Oslos Inseln sind im gesamten Fjord von Oslo zu finden. Zum Stadtgebiet gehören aber „nur“ rund 40 Inseln und einige Halbinseln obendrein, die meisten bieten öffentlich zugängliche Badestellen.

Der belebteste und beliebteste Strand der Metropole am Fjord befindet sich auf der Halbinsel Bygdøy, die mit der Fähre (15-Minuten-Fahrt vom Hafenzentrum) oder dem Bus zu erreichen ist. Die Fähren können mit einem einfachen Ticket des öffentlichen Nahverkehrs ruter benutzt werden und steuern einige Inseln an. Oder, wer auf der Halbinsel Bygdøy, nicht nur etwas spazieren gehen, sondern ebenfalls eines der Museen besuchen möchte und vielleicht sogar vor hat, weitere Inseln zu bereisen, dem ist anzuraten, sich den Oslo Pass zu besorgen. Man bekommt ihn zwischen 270 NOK und 495 NOK und ist entweder 24, 48 oder 72 Std. gültig. Dieser Pass gewährt einem Eintritt zu zahlreichen Museen und enthält ebenso eine Fahrkarte für den öffentlichen Nahverkehr für den entsprechenden Zeitraum. Dies sind aber nur zwei von vielen Vorteilen des Oslo Pass.

Wesentlich ruhiger und weniger Tourismus als auf Bygdøy herrscht auf Langøya. Diese Insel ist außerdem gut dafür geeignet, von seinem „Jedermannsrecht“ gebrauch zu machen, das heißt sein Zelt aufzuschlagen (Fähre ab Vippetangen bei der Festung).

Oslofjordens hyggeligste fyr

Die vielleicht kleinste Insel, unter den „bewohnten“, ist nur ein Felsbrocken im Fjord, Heimat von “Oslofjordens hyggeligste fyr”, dem “behaglichsten Feuer der Stadt”, so der offizielle Name. Diese Insel ist eine ehemalige Leuchtfeuer-Insel, auf der in der ersten Hälfte des 20. Jahrhunderts fast vier Jahrzehnte lang eine Leuchtturmwärterfamilie lebte. Heute betreibt ein Gastrom das sehr gemütliche weiße Holzhäuschen, zumeist allerdings für größere Gesellschaften – wer hier heiraten will, muss sich auf eine lange Warteliste setzen lassen. Doch alle paar Wochen kann man sich – rechtzeitige Buchung vorausgesetzt – mit der Fähre zu einem Abendessen, mit spektakulärer Aussicht auf den Fjord, übersetzen lassen.

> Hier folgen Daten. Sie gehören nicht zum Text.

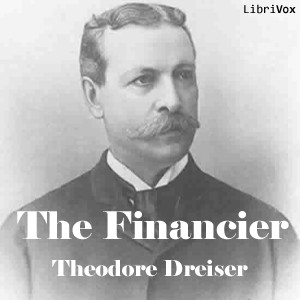 Theodore Dreiser: The Financier (AudiobookFormat, 2011, LibriVox)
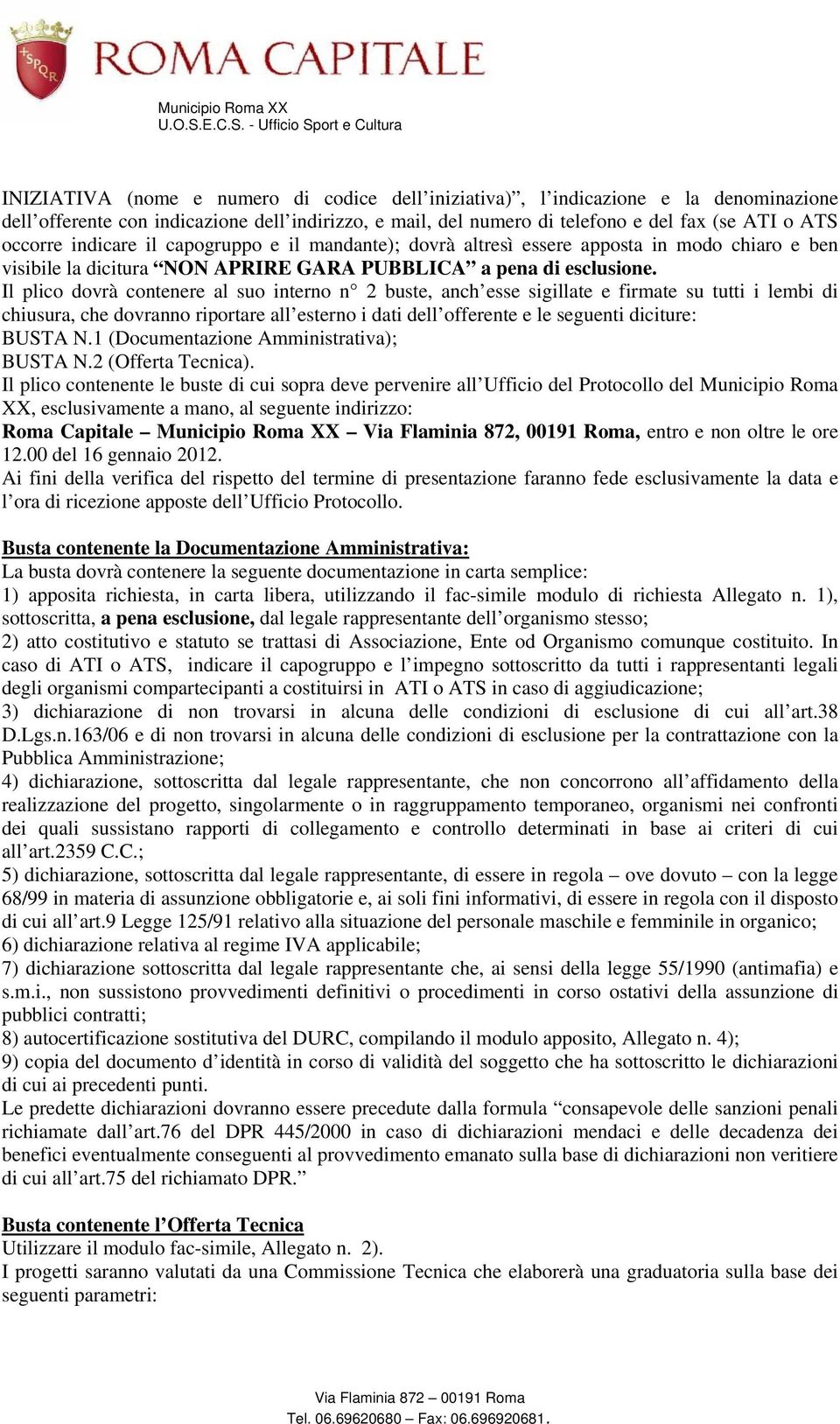 Il plico dovrà contenere al suo interno n 2 buste, anch esse sigillate e firmate su tutti i lembi di chiusura, che dovranno riportare all esterno i dati dell offerente e le seguenti diciture: BUSTA N.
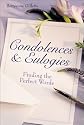 Condolences & Eulogies: Finding the Perfect Words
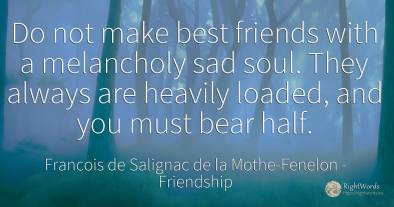 Do not make best friends with a melancholy sad soul. They...
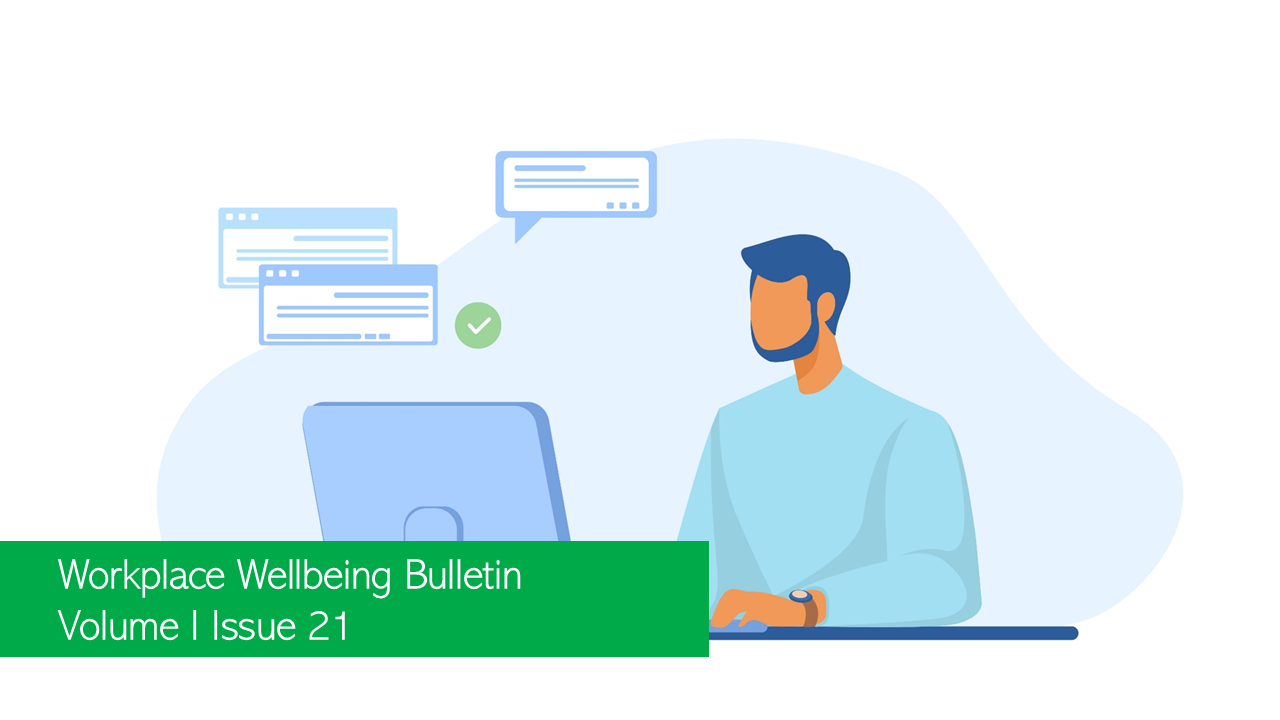 Workplace Wellbeing Bulletin 2022, issue 21, Jamshedpur: New labour laws to have wide impact on industries, Razorpay extends health insurance to LGBTQIA+,No Female Worker In UP To Be Forced To Work Before 6 AM And After 7 PM, Mental Illness Becoming a Time Bomb, 93% employees consider workplace safety a crucial parameter for their mental wellness, erosion of trust at workplace to stem attrition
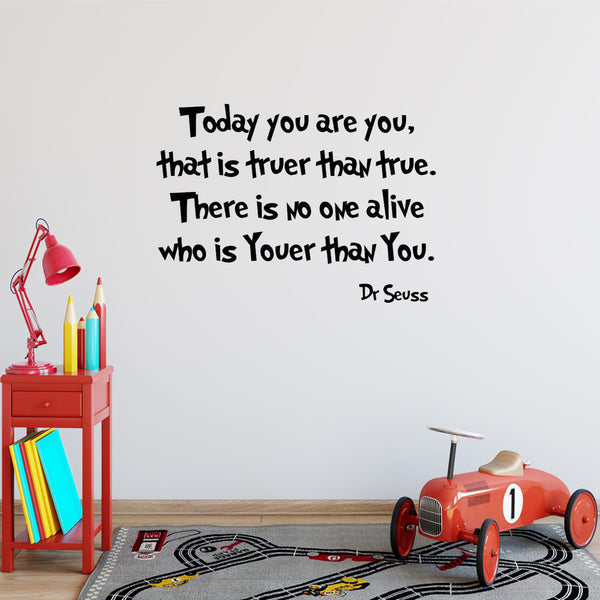 Dr. Seuss Today You Are You Wall Decal Kids Room Decor | VWAQ
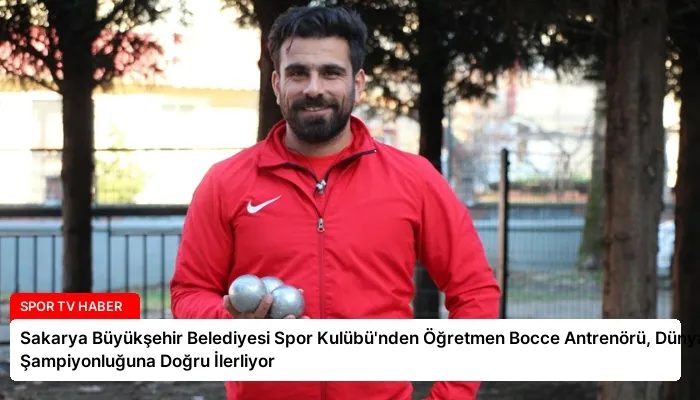 Sakarya Büyükşehir Belediyesi Spor Kulübü’nden Öğretmen Bocce Antrenörü, Dünya Şampiyonluğuna Doğru İlerliyor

Noch unvergesslicher und schöner ist es, entweder ein eigenes kleines Boot zu haben, oder jemanden mit einem Boot zu kennen. Denn nur so ist es einem möglich, die Inseln anzusteuern, die frei von jeglichem Tourismus sind. Sie laden zu einem kleinen privaten Picknick oder Dinner ein. Natürlich alles in Eigenregie organisiert. Und in einer warmen Sommernacht steht einer Übernachtung unter dem Sternenhimmel, mitten im Fjord und umgeben von Wasser, nichts im Wege.